Addressing existing requirements for mariners in support of global power projection, Jaenichen said that while the administration can meet the requirement for immediate deployment, “the first crew rotation is critical.” After four to six months, he said, there were “not enough (mariners) for sustained operations.”

He predicted “a perfect storm” after Jan. 1, 2017, when licensing requirements change. For MarAd that means that drawing on a pool of recently retired mariners likely would not be possible. The retired mariners to remain current under the regulations would have to pay for required training out of their own pockets.

At the same time as that shortage of merchant mariners, the ships in the National Defense Reserve Fleet and its subset, the Ready Reserve Fleet, also are aging — averaging almost 40 years old. Some are steam-powered, needing parts that are no longer made. In the commercial vessels in Maritime Security Program, owners see government cargo contracts — including food-aid shipment and movement of military equipment from Afghanistan and Iraq — declining, and an overcapacity of shipping globally driving prices lower.

Like the American-flagged and government-owned fleet, questions surface about the viability of service-life extension spending on training ships. For example, the training ship Empire State is 55 years old and could cost $104 million in a service-life extension program.

Jaenichen said, “The stipend (to American shipowners) is the only place to go” to keep the U.S.-flagged fleet in operation. The administration has asked for $3.1 million per ship as a stipend. He said the industry estimated that it cost $4.6 million more to operate an American ship over an international competitor last year, and the stipend this year would be $5 million.

“Industry has told us that is the right number. The entire global industry is losing money,” he said. He added later in an answer to a question that this loss of business is the prime reason American shippers either scrap vessels or reflag them. “If they are losing money, they are not going to stay” in the Maritime Security Program, which provides the stipends for up to 60 “commercially viable, military useful, privately-owned U.S.-flag vessels and crews operating in international trade.”

Army Lt. Gen. Stephen Lyons, the No. 2 officer in Transportation Command, said, “We’re right at the margin of moderate (to) high risk” in terms of aging ships in the Ready Reserve Fleet and the nation’s ability to crew mariners. The Ready Reserve Fleet is made up of government-owned vessels and was created in 1976 “to rapidly deploy equipment and materiel” in times of crisis on combat to humanitarian aid operations.

Jaenichen said the nation needs 40 more ships under its flag to have sufficient mariners to meet military surge capacity.

Lyons added there are questions, based on experiences in earlier conflicts, about the willingness of foreign owners with foreign crews to go into harm’s way to deliver necessary supplies and equipment to American forces operating in combat.

Both argued against repealing the 1920 Jones Act, designed to keep American maritime industry competitive.
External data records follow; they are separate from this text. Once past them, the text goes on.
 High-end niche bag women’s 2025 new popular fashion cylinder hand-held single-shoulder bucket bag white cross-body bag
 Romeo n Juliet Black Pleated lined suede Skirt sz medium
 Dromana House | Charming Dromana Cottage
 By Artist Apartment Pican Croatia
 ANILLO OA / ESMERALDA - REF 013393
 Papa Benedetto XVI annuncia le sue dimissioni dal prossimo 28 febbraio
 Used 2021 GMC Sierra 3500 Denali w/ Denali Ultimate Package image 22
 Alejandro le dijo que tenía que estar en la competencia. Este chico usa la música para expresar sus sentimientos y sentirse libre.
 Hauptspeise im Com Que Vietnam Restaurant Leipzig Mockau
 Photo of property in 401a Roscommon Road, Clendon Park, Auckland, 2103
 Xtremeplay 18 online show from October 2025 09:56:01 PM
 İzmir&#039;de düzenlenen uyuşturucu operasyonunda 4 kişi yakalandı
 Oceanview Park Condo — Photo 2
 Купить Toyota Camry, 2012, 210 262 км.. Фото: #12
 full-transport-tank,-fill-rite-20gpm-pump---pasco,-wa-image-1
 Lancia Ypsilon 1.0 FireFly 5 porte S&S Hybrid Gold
U.S. shipyards now have 32 vessels on their books, including two roll-on, roll-off cargo ships, Jaenichen said. “If you take away the building (in American shipyards) requirement,” the effect “would be traumatic” on the maritime industrial base and “not something that can be recovered quickly.”

The Maritime Administration is hoping to release for public comment a strategic maritime assessment document in a few months. It will be the first such document in decades.